Things won’t get better for a long, long time. If Germany keeps up with the 2012 pace—a big “if”—it will meet its current target of raising the renewable share of electricity production to 35 percent by 2020. Yet the really important target isn’t the share of renewables on the grid but the share of “low-carbon” generation—both renewable and nuclear generation. By that metric, Germany will be at a standstill for quite some time.

At the planned and current rate of expansion, when the last German nuclear plants shut down in 2022, renewables will be generating about 38 percent of the electricity; with no more nukes in operation, that will be the total share of low-carbon electricity. But that’s almost exactly the same share of low-carbon electricity Germany produced in 2010, when the share was 38.8 percent—22.4 percent nuclear and 16.4 percent renewable. The next ten years will be a lost decade for German decarbonization efforts. Meanwhile, Germany’s coal and gas plants will spew as much pollution, methane, and carbon dioxide as ever.

But the German policy of favoring renewables over nuclear has been in effect for thirteen years now, so it’s more like a lost generation. In 1999, a peak year for nuclear power, the low-carbon share of electricity was 36 percent, with nuclear contributing 31 percent. Thus, during a twenty-three-year period of shuttering nukes and subsidizing renewables, from 1999 to 2022, Germany will have managed to decarbonize all of 2 additional percentage points of its electricity. The 2030 target is 50 percent low-carbon electricity (all renewables), an improvement of just 14 percent over the 1999 figure.

Cost of Renewable Electricity

Despite declining relative costs for wind and solar generators, the electricity they produce is still much more expensive than fossil-fueled and nuclear power. The German government therefore supports renewables with a web of subsidies and preferments designed to entice businesses and households to invest in them. The main subsidy is the feed-in tariff (FIT), which gives guarantees for renewable electricity at above-market-rate prices. The FITs generally last twenty years and are assessed according to a complex rate schedule. Onshore wind is currently guaranteed at least €89.3 per megawatt-hour (MWh) for the first five years of operation, after which the tariff resets to about €49, a little above market rate. Offshore wind will get €150 per MWh for the first twelve years before a downward reset, with long extensions if the facility is located more than twelve miles from shore or where water is at least twenty meters deep. Photovoltaic solar gets roughly €120-180 per MWh, depending on the size of the rig, for a full twenty years.

The tariffs are funded by a “renewable energy surcharge” added to electricity bills.
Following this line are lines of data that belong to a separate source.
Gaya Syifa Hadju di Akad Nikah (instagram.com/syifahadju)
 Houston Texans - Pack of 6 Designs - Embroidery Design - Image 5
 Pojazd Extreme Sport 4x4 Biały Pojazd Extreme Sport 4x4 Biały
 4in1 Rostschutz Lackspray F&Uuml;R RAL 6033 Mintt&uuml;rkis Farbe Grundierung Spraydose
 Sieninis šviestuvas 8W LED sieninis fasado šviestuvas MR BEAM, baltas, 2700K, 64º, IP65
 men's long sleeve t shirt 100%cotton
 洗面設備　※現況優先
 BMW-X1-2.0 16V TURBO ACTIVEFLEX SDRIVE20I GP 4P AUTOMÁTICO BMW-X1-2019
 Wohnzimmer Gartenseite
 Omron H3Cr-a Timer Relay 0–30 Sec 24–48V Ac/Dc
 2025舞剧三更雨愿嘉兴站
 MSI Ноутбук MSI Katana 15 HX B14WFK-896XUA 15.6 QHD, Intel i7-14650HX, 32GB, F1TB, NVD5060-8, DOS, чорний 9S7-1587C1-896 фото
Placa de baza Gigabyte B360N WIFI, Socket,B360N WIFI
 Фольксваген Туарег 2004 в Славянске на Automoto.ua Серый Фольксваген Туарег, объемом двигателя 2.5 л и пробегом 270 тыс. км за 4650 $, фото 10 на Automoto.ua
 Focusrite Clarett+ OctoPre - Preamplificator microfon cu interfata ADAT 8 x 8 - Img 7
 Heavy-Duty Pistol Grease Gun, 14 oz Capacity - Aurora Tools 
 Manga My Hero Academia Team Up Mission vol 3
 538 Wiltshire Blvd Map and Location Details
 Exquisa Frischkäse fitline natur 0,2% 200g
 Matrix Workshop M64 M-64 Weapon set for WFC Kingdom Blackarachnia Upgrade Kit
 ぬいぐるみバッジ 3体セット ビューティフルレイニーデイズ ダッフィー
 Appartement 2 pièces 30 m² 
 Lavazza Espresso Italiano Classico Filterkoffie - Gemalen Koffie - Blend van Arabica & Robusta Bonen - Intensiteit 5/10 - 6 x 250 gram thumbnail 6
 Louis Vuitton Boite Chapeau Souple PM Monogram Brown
A utility will pay a FIT of, say, €180 for a megawatt-hour of solar power; it will then sell that electricity on the wholesale market for perhaps €45 and charge the difference to the renewables surcharge. (Some energy-intensive businesses are exempted from most of the surcharge.) The tariff-surcharge mechanism seemed unobtrusive and benign when renewables were a sliver of electricity production, but swelling bolts of pricey wind and solar electricity have turned it into a Frankenstein’s monster. The FITs will cost €20.4 billion this year, according to the Financial Times, and to fund that the 2013 surcharge jumped 47 percent to 5.3 euro-cents per kilowatt-hour. The surcharge alone is 60 percent of the average total U.S. residential electricity rate.

The exploding subsidies have stirred political opposition and moves to retrench. Merkel’s environment minister, Peter Altmaier, has put forward a plan to cap surcharge hikes at 2.5 percent per year, while expanding their base by removing business exemptions. Der Spiegel has reported that he also wants to levy a new tax on renewable electricity itself (including rooftop solar for home use), reduce or eliminate FIT schedules entirely for some new renewable installations, and occasionally delay or suspend FIT payments.

The renewables industry and the Social Democratic-Green opposition have denounced Altmaier’s proposals, saying they will cripple investment in the sector. And indeed, that’s the idea—to hold back the renewables build-out that’s pumping up subsidies to insupportable levels (and out-running transmission capacity). New government targets cut the rate of photovoltaic installation in half to 2.5 to 3.5 GW per year (just a third of a gigawatt per year of average capacity.) Feed-in-tariffs for new solar are to end entirely after a total of 52 GW nameplate capacity has been installed, which will enlarge solar capacity by just 2 additional gigawatts of average capacity.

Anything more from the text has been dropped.